Furthermore, ETH is a speculative asset. As the value of the network grows, so too does the value of the underlying asset. This has a powerful effect for those with “skin in the game”. Developers who hold ETH are indirectly rewarded for their contributions to the network. Moreover, users who hold a blockchain’s asset, effectively become a marketing tool for the blockchain itself. While this may result in over-selling a blockchain’s capability, it does create a significant discussion around the project, leading to greater and greater levels of exposure.
It’s hard to imagine anyone holding Libra being particularly concerned with Libra’s success given the lack of upside, particularly as they will be able to move between assets without friction. Not only that, but Libra may find the corporate image too hard to shake, leading to further ambivalence from its users. The vision for Ethereum is a much more compelling one, with a potentially massive upside for those that get involved – the same simply cannot be said about Libra.
No Word From Microsoft and Google
Microsoft, Amazon, Google and Apple were conspicuously left out of the list of Libra Association members. These companies, who may see Facebook’s announcement as a threat, have so far remained quiet about their interest or future plans for a similar type of cryptocurrency.

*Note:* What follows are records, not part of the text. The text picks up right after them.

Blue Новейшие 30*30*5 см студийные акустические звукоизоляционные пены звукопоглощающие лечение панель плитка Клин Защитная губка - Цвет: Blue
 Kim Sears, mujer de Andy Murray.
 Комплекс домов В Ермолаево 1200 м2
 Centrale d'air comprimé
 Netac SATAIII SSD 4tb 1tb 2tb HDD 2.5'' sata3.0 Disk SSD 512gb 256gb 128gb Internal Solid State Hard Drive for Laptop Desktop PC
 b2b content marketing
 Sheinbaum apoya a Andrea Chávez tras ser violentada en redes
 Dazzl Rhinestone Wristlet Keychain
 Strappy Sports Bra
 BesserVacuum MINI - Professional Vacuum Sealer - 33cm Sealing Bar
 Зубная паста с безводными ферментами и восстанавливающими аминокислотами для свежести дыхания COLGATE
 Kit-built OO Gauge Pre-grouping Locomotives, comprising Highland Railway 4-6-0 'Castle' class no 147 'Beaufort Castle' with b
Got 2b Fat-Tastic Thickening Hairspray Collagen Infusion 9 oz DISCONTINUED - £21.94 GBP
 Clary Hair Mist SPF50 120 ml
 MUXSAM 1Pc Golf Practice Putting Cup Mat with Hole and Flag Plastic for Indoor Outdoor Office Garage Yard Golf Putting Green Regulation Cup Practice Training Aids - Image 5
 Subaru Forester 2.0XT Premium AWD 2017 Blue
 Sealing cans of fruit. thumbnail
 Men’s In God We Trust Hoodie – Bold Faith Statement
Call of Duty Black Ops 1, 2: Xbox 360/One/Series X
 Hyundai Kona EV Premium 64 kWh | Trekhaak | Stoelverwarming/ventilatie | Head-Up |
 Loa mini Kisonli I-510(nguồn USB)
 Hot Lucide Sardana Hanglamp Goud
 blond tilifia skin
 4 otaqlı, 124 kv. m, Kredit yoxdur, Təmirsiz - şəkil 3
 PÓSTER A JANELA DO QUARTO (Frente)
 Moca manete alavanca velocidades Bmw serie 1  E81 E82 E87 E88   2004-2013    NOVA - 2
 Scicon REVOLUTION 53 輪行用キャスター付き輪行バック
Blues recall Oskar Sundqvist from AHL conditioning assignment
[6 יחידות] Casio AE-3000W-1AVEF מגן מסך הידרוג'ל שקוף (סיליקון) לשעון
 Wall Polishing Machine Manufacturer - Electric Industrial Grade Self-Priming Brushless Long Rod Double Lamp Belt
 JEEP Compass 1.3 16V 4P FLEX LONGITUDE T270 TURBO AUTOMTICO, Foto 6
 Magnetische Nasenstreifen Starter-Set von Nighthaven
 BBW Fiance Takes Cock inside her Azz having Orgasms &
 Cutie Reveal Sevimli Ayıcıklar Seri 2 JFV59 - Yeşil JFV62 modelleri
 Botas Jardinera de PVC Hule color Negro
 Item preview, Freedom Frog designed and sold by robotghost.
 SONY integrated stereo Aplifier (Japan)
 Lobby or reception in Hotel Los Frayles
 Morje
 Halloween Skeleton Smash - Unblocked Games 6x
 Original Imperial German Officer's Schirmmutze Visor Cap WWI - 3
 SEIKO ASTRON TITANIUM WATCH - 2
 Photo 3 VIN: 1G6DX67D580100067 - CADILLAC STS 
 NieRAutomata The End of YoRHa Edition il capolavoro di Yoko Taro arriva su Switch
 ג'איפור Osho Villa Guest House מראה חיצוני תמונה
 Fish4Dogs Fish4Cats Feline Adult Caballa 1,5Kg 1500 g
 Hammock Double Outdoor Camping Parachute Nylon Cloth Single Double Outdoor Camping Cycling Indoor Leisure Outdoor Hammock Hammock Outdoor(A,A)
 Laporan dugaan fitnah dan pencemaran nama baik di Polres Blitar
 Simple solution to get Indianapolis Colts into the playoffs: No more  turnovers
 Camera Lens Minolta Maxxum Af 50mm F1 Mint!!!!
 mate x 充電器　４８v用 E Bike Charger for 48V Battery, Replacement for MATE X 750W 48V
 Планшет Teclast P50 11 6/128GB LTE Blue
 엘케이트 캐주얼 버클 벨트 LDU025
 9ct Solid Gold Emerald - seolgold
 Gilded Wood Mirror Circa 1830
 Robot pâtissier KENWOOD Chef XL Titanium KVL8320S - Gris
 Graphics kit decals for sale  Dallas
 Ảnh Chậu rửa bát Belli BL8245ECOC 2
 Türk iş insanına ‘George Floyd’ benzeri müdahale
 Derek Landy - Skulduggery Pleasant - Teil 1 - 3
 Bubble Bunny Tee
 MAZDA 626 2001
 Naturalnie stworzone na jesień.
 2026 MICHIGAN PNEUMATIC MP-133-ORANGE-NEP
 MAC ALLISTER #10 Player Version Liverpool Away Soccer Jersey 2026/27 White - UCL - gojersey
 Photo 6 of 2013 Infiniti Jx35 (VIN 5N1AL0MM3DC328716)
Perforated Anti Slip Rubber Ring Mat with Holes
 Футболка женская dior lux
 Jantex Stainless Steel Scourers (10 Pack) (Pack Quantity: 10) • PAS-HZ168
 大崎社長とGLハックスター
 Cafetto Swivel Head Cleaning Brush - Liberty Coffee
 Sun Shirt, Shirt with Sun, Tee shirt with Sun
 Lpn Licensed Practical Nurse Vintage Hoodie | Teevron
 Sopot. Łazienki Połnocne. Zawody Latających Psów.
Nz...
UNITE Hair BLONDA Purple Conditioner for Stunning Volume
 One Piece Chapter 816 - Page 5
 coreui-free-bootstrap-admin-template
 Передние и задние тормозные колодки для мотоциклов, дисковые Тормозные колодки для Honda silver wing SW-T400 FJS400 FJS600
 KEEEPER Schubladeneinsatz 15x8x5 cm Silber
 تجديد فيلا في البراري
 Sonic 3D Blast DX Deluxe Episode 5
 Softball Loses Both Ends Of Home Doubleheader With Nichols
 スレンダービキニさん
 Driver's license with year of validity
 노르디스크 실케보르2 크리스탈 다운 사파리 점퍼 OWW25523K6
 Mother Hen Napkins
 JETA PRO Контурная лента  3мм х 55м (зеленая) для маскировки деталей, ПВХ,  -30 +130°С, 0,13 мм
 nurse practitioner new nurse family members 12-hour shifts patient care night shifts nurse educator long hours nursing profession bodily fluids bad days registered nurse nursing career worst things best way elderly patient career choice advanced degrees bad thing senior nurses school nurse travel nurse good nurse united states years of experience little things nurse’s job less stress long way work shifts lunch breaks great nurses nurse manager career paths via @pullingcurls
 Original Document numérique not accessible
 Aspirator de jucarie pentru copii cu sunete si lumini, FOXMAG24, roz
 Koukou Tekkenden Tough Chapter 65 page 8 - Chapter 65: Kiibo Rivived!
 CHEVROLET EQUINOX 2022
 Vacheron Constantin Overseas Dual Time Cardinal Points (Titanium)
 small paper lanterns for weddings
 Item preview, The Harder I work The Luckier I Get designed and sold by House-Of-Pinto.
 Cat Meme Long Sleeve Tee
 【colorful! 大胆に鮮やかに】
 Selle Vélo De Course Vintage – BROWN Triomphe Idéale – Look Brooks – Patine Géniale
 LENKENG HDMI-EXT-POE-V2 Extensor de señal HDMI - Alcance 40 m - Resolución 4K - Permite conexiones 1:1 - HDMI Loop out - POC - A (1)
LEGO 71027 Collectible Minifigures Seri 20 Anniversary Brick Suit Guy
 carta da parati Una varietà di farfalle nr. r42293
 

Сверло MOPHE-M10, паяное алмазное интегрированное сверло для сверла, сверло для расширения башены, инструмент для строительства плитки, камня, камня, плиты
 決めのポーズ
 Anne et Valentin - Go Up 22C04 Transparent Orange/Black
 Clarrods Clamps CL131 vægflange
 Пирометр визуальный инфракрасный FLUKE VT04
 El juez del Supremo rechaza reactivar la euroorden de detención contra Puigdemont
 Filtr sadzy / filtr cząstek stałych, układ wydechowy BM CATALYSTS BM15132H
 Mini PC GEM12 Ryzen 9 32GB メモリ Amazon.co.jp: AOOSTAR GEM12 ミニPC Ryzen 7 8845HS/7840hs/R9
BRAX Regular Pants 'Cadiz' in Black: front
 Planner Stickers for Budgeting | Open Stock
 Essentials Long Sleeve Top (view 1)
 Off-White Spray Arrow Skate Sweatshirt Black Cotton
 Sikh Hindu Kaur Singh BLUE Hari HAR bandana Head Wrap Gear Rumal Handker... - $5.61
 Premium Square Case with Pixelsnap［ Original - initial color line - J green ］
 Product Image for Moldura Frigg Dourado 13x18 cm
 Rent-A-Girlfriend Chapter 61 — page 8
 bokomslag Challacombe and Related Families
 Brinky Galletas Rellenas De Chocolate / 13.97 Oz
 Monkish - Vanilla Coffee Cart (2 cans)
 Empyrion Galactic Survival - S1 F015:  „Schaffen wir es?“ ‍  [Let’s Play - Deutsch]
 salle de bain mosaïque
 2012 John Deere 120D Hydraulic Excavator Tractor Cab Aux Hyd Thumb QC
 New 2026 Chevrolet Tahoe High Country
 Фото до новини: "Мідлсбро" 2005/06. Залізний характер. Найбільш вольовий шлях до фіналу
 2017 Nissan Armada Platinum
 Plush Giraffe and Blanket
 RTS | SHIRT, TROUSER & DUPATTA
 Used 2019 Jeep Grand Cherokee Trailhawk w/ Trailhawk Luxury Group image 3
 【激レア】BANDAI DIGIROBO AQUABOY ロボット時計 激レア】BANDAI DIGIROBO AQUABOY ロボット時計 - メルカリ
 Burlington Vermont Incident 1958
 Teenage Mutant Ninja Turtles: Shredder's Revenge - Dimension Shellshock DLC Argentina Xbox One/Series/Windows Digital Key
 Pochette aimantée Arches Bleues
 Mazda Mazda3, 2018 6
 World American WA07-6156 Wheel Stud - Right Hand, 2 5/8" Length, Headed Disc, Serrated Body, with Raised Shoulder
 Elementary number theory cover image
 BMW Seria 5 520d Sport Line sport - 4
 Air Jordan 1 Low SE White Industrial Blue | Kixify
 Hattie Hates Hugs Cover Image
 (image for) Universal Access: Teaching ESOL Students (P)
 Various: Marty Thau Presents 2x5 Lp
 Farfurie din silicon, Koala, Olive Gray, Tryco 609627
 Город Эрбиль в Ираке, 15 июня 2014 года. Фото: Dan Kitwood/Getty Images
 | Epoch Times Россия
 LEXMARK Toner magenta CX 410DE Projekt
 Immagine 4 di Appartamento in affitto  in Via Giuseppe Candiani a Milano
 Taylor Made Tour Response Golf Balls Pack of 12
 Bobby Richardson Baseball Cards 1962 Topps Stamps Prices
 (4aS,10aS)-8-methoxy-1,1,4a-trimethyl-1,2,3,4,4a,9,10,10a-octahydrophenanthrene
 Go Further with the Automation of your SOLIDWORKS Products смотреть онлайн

It’s possible that we’ll see multiple corporate-backed global currencies like Libra functioning in the next 10 years, however it’s equally possible that Ethereum’s established technology and developer base will be seen as the answer to competing with Libra. Google and Microsoft in particular, have already made significant contributions to the Ethereum ecosystem; they may well look to this public, censorship-resistant and transparent blockchain as a response to Libra’s mainstream entrance.